▶ LISTED ENTRIES
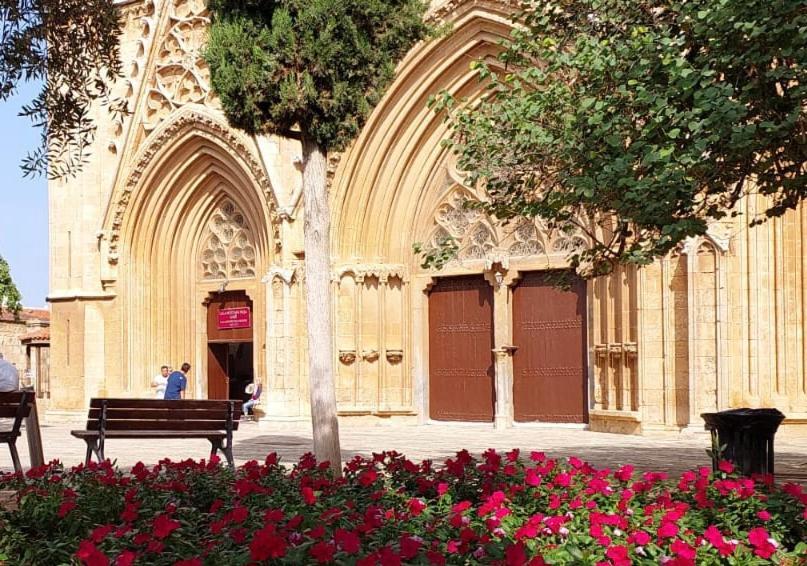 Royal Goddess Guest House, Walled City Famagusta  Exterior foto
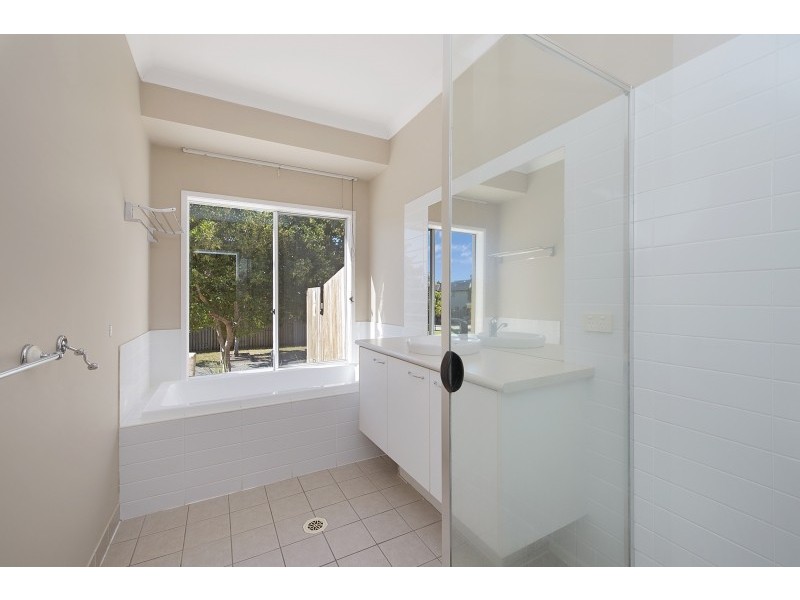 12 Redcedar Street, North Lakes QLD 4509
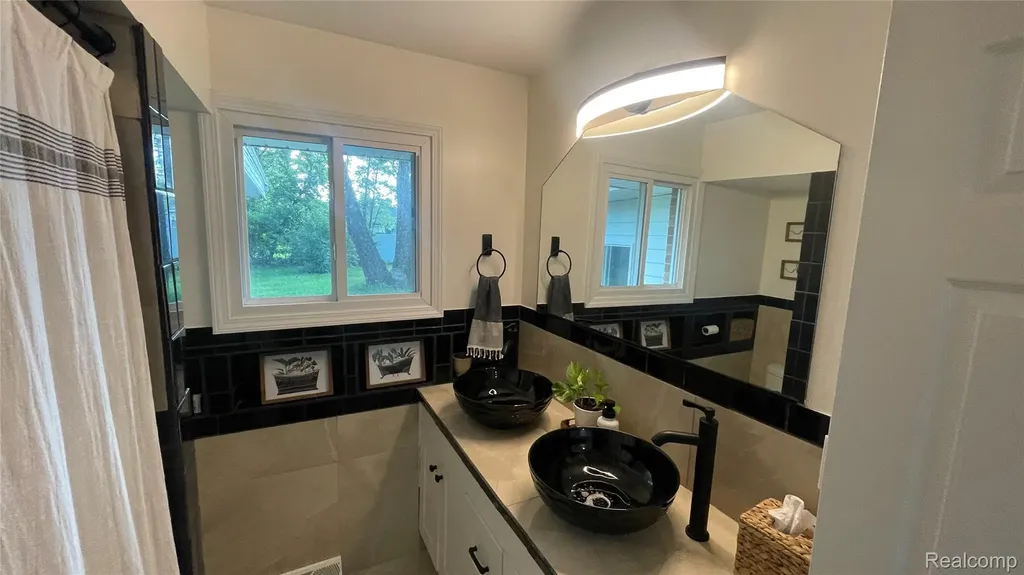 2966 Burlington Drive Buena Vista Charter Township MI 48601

---

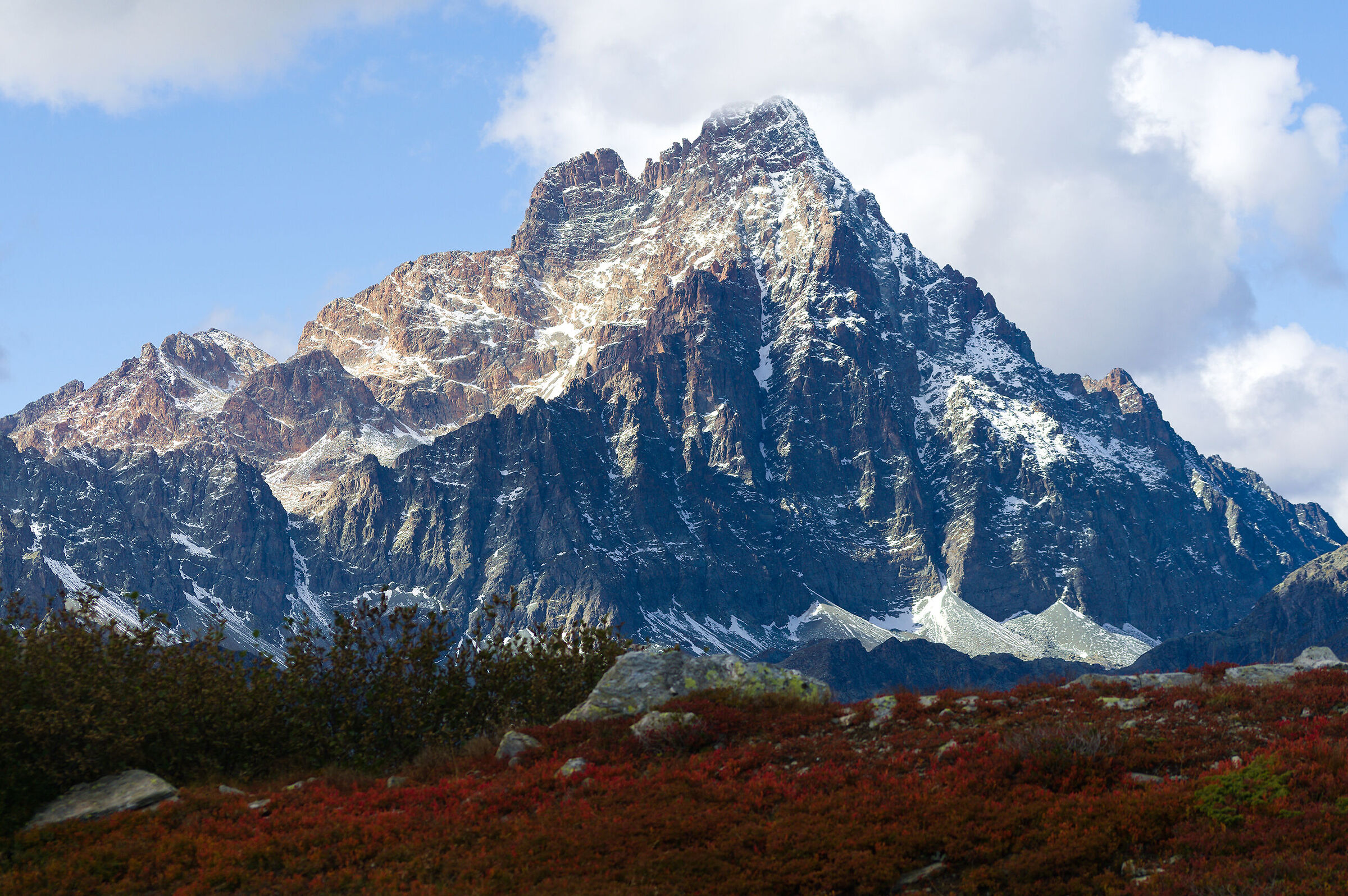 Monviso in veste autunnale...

--

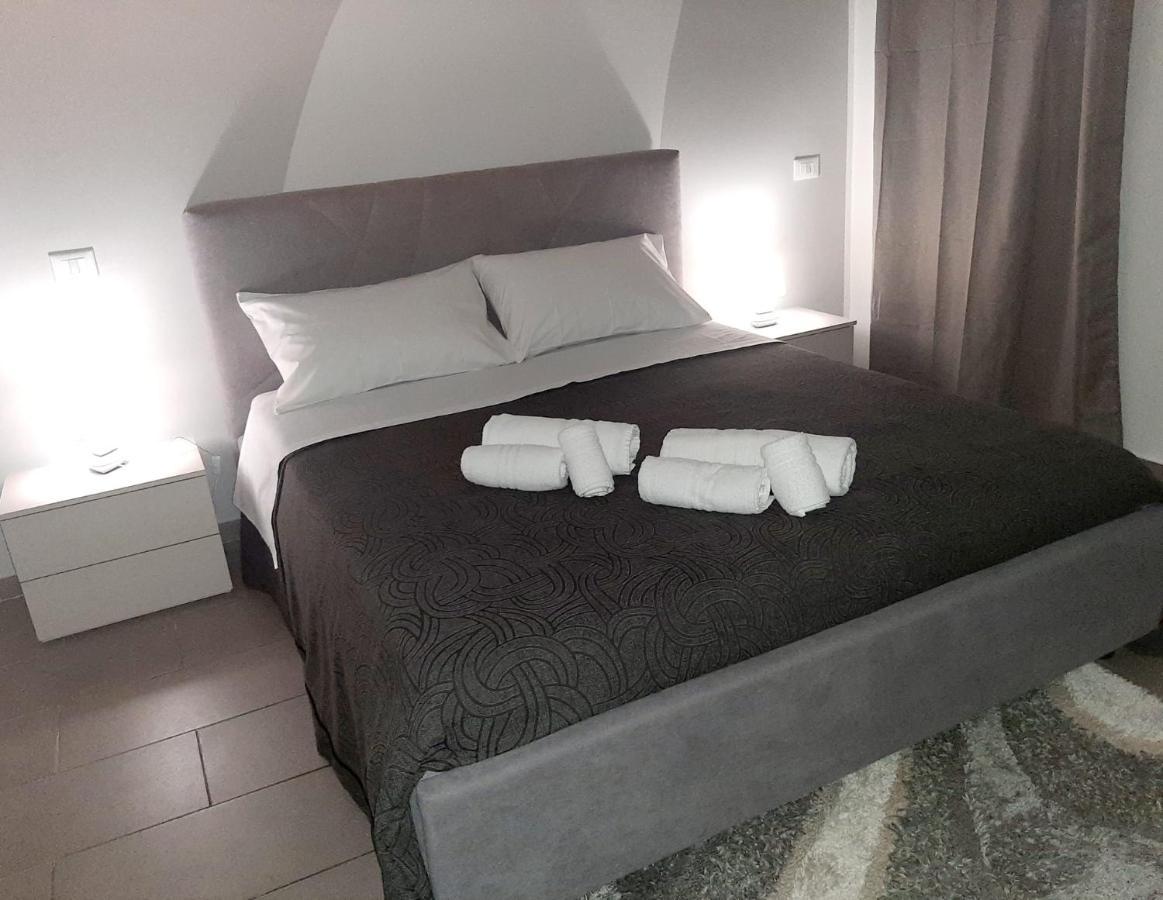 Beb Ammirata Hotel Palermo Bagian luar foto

▶ WORK TO COMPLETE
Word for word, repeat the lines above from the one with "Royal Goddess Guest" through the one with "2966 Burlington Drive", and nothing beyond them. Omit the pictures.

▶ PROBLEM SOLUTION
 Royal Goddess Guest House, Walled City Famagusta  Exterior foto
 12 Redcedar Street, North Lakes QLD 4509
 2966 Burlington Drive Buena Vista Charter Township MI 48601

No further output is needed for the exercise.